▶ Dataset:
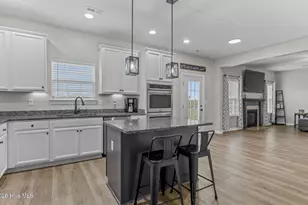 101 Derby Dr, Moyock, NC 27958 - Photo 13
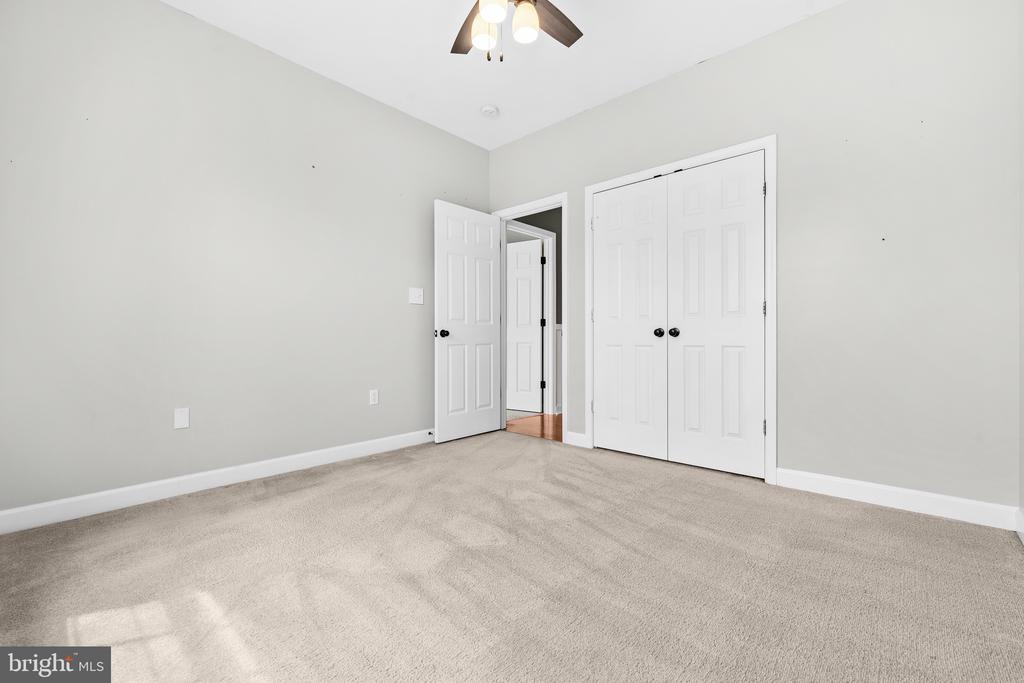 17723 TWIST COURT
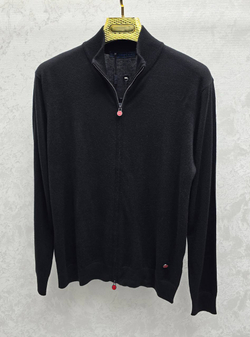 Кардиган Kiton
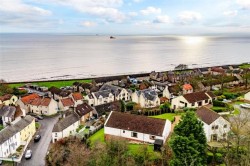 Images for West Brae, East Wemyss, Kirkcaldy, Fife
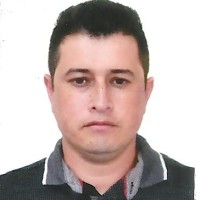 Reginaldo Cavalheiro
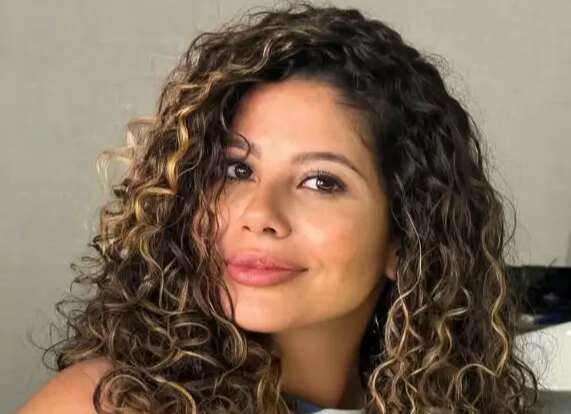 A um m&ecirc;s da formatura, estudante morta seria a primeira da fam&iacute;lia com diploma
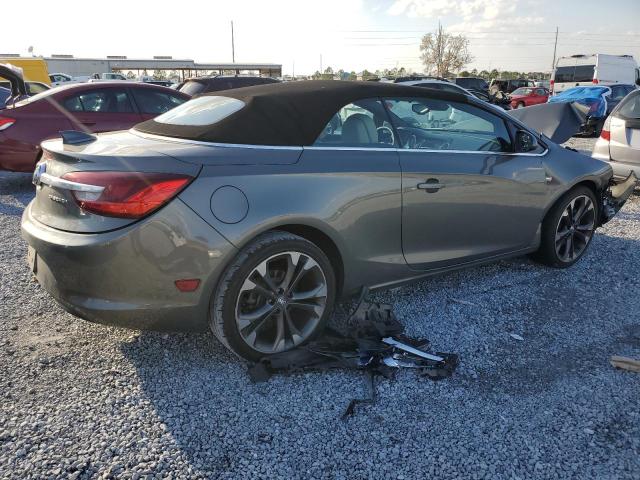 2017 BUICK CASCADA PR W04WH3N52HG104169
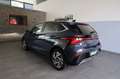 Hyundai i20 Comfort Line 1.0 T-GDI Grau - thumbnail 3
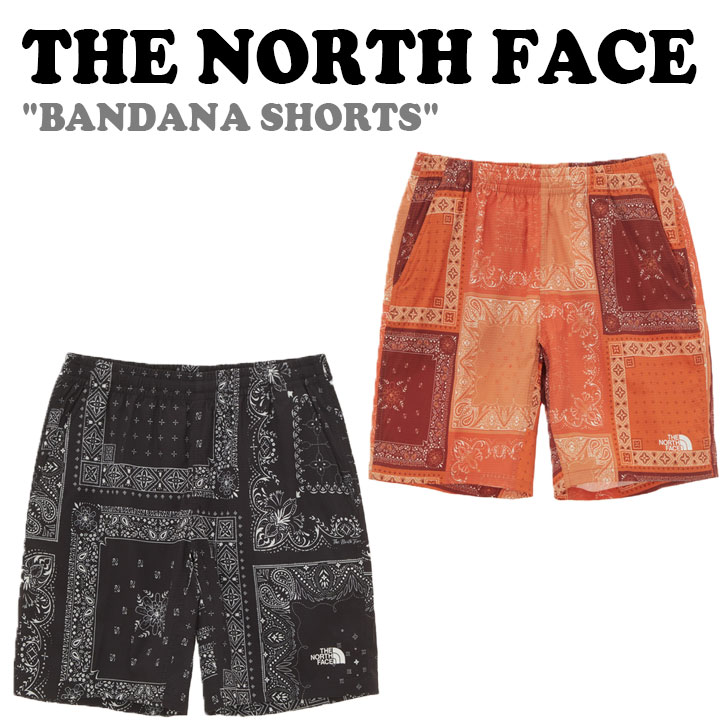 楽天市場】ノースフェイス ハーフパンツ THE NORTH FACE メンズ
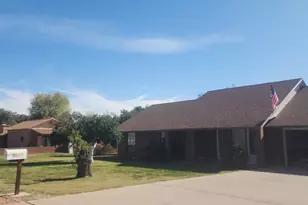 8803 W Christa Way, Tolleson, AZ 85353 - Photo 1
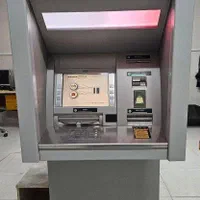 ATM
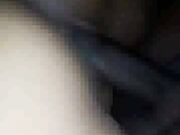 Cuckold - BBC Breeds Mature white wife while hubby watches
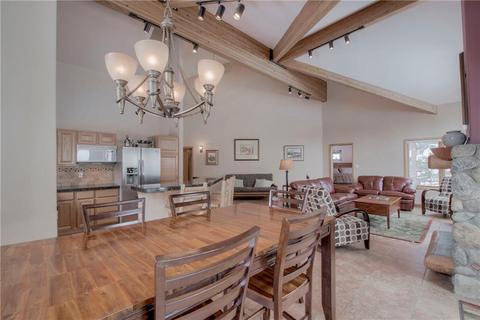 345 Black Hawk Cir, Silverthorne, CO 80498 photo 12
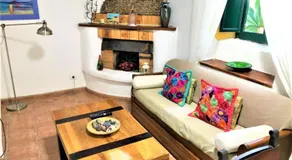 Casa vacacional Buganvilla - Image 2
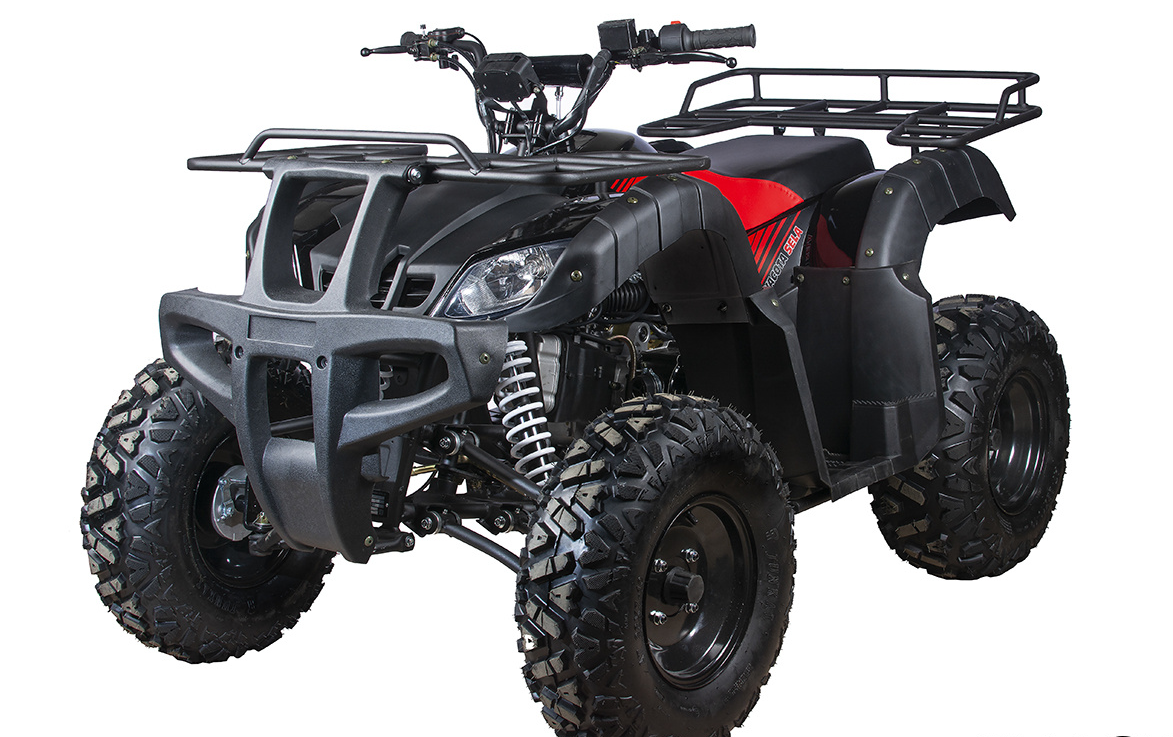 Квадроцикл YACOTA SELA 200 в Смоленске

▶ What to produce:
Could every entry be restated word for word, pictures excluded?

▶ Exercise solution:
 101 Derby Dr, Moyock, NC 27958 - Photo 13
 17723 TWIST COURT
 Кардиган Kiton
 Images for West Brae, East Wemyss, Kirkcaldy, Fife
 Reginaldo Cavalheiro
 A um m&ecirc;s da formatura, estudante morta seria a primeira da fam&iacute;lia com diploma
 2017 BUICK CASCADA PR W04WH3N52HG104169
 Hyundai i20 Comfort Line 1.0 T-GDI Grau - thumbnail 3
 楽天市場】ノースフェイス ハーフパンツ THE NORTH FACE メンズ
 8803 W Christa Way, Tolleson, AZ 85353 - Photo 1
 ATM
 Cuckold - BBC Breeds Mature white wife while hubby watches
 345 Black Hawk Cir, Silverthorne, CO 80498 photo 12
 Casa vacacional Buganvilla - Image 2
 Квадроцикл YACOTA SELA 200 в Смоленске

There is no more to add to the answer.